#### Work instructions:
Write out the entries, please, from the line containing "De quelle version" through their final line, exactly and with nothing else.

━━━━━━

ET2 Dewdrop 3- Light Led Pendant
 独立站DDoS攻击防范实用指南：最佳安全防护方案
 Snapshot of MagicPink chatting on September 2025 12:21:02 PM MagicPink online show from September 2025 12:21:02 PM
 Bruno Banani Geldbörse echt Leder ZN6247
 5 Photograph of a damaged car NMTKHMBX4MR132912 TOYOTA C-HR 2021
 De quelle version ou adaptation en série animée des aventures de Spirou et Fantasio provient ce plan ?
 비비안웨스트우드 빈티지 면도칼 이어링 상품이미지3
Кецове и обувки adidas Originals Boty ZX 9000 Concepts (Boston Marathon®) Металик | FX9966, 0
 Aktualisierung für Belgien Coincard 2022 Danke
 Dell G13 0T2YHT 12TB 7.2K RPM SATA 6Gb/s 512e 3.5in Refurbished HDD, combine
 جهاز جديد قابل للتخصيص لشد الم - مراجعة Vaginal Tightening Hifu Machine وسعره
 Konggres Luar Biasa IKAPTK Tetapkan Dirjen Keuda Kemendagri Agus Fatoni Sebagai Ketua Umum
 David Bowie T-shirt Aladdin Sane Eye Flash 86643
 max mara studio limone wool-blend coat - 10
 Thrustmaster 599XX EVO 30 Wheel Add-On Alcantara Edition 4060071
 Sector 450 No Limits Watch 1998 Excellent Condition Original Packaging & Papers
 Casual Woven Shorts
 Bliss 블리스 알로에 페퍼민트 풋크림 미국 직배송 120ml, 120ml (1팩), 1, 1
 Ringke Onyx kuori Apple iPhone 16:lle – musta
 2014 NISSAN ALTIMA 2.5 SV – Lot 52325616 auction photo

━━━━━━

#### Response below:
 De quelle version ou adaptation en série animée des aventures de Spirou et Fantasio provient ce plan ?
 비비안웨스트우드 빈티지 면도칼 이어링 상품이미지3
Кецове и обувки adidas Originals Boty ZX 9000 Concepts (Boston Marathon®) Металик | FX9966, 0
 Aktualisierung für Belgien Coincard 2022 Danke
 Dell G13 0T2YHT 12TB 7.2K RPM SATA 6Gb/s 512e 3.5in Refurbished HDD, combine
 جهاز جديد قابل للتخصيص لشد الم - مراجعة Vaginal Tightening Hifu Machine وسعره
 Konggres Luar Biasa IKAPTK Tetapkan Dirjen Keuda Kemendagri Agus Fatoni Sebagai Ketua Umum
 David Bowie T-shirt Aladdin Sane Eye Flash 86643
 max mara studio limone wool-blend coat - 10
 Thrustmaster 599XX EVO 30 Wheel Add-On Alcantara Edition 4060071
 Sector 450 No Limits Watch 1998 Excellent Condition Original Packaging & Papers
 Casual Woven Shorts
 Bliss 블리스 알로에 페퍼민트 풋크림 미국 직배송 120ml, 120ml (1팩), 1, 1
 Ringke Onyx kuori Apple iPhone 16:lle – musta
 2014 NISSAN ALTIMA 2.5 SV – Lot 52325616 auction photo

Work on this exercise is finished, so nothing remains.